I’ve barely got through the introduction and I’m already wishing to quote large chunks of this fellow. He makes me laugh, and I like his analogies.
He reads rather like a blogger, which should be no surprise since he was a journalist and a debater for pleasure. He seems almost (again, like a blogger) to have unrestricted printing access. This makes him very free with word-count and self-amusing asides.
This book, Chesterton says, grew out of a challenge that the last book he wrote was incomplete in its scope.
It was perhaps an incautious suggestion to make to a person only too ready to write books upon the feeblest provocation.
Two things so far have caught my mind.
First, the (every) writer’s reality of rediscovering what (really) is already known,
I am the man who with the utmost daring discovered what had been discovered before…. [This book] recounts my elephantine adventures in pursuit of the obvious.

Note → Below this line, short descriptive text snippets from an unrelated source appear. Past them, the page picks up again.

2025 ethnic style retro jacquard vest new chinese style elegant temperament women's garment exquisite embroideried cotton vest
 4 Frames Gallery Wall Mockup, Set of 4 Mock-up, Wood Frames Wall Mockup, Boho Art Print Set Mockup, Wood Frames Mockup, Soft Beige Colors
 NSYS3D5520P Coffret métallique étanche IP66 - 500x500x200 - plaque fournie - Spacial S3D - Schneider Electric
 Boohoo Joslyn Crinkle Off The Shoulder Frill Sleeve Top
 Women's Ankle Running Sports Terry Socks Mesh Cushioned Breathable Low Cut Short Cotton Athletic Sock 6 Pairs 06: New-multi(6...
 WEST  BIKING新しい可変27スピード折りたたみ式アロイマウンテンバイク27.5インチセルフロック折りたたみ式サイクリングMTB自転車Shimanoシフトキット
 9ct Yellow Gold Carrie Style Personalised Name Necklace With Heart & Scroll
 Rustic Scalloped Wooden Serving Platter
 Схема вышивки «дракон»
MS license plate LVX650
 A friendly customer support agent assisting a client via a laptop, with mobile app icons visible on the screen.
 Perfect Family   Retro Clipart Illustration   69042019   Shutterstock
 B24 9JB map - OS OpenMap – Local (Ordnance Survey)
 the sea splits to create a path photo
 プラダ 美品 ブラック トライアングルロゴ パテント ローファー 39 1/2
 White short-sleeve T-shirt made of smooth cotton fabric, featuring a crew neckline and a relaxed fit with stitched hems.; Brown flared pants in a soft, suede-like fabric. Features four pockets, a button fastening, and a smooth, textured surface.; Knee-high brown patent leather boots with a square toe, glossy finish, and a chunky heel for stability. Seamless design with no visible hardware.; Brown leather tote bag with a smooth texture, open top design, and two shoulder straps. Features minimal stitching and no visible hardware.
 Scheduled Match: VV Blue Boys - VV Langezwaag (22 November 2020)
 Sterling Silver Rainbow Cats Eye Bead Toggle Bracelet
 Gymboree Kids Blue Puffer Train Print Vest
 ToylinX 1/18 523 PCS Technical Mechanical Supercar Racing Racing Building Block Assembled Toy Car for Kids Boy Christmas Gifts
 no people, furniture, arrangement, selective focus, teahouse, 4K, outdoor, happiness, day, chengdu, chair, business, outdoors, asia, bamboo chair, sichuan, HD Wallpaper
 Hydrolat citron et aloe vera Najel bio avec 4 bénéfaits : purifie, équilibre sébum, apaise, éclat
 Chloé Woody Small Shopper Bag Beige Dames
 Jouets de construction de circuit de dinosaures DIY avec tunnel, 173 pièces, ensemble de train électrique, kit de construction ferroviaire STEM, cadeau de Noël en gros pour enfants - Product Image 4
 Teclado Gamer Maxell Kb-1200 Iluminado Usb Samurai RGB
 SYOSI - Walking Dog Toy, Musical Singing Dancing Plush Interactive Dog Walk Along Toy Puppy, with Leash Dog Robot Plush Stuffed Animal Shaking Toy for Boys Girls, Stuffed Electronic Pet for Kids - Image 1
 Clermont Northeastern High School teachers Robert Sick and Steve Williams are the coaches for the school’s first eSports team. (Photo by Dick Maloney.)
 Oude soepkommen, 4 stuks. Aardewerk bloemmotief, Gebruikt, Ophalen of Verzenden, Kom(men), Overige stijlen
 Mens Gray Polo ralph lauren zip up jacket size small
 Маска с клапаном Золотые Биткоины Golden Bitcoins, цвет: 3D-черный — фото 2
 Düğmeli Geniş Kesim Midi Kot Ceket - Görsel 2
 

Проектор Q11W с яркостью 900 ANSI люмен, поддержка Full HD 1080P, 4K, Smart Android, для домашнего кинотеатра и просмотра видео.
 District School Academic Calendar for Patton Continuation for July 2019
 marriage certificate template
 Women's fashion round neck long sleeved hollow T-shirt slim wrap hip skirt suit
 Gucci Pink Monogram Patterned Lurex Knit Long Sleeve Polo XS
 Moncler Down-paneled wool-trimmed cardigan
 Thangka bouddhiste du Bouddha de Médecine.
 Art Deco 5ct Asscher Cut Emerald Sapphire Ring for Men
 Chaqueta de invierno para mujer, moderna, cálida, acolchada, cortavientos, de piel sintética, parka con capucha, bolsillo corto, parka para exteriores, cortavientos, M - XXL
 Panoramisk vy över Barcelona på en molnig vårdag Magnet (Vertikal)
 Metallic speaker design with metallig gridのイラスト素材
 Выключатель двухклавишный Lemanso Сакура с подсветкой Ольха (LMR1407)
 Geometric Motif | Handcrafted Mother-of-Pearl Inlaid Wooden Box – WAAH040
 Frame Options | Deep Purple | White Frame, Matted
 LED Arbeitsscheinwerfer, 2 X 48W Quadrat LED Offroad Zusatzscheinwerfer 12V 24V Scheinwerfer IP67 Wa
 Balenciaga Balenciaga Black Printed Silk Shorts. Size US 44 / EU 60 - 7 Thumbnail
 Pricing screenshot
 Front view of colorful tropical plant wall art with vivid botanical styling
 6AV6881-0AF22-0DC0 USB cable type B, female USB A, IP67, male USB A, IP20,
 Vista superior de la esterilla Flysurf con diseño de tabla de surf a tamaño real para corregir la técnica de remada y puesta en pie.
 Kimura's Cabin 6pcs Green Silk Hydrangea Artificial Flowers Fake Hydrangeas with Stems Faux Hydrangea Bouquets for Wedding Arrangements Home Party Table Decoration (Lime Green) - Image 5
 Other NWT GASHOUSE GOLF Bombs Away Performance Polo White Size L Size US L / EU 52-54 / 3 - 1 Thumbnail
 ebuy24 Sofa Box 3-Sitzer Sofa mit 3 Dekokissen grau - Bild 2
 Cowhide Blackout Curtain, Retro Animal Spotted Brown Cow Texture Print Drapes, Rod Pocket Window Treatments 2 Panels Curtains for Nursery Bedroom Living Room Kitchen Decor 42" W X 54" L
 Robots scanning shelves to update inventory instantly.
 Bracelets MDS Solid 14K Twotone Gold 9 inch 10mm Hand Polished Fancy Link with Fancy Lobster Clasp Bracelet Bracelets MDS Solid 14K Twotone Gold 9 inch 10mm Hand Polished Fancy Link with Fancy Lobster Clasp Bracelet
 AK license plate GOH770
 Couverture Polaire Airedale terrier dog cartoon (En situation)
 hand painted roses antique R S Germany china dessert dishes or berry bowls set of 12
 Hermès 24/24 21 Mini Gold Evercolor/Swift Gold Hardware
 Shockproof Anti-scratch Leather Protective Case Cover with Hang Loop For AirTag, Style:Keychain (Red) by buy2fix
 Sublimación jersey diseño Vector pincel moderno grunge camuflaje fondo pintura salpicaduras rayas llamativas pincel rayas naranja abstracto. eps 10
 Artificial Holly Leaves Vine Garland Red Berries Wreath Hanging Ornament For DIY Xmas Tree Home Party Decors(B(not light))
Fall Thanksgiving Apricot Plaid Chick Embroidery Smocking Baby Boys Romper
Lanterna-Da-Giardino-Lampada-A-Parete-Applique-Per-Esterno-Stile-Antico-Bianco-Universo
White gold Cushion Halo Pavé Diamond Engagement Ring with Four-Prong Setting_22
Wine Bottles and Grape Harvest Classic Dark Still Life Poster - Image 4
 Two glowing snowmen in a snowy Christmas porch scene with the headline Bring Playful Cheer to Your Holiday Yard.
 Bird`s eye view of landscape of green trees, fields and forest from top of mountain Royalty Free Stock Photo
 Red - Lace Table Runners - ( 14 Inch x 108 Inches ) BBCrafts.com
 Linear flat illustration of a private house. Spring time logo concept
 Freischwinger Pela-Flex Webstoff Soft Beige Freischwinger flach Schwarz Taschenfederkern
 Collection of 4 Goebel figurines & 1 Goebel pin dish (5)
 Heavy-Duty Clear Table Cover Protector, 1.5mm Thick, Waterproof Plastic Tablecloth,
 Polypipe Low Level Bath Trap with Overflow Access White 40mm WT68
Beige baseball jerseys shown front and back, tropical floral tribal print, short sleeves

And second, the question for both philosophers and writers:
How can we contrive to be at once astonished at the world and yet at home in it?
He says the book is meant to show how his faith (Christanity, Orthodoxy to use his title) answers
This double spiritual need, the need for the mixture of the familiar and the unfamiliar which Christendom has rightly named romance.
Chesterton writes, assuming this is a paradox each of us seeks for our own happiness.
The thing I propose to take as common ground between myself and any average reader, is this desirability of an active and imaginative life, picturesque and full of poetical curiosity, a life such as western man at any rate always seems to have desired….
[They] would agree to the general propposition that we need this life of practical romance; the combination of something that is strange with something that is secure. We need so to view the world as to combine an idea of wonder and an idea of welcome. We need to be happy in this wonderland without once being merely comfortable.
This is the fist time I have tried Chesterton, so I don’t know how it will go on, but so far I am quite intruiged.
Carmon is just starting this book too.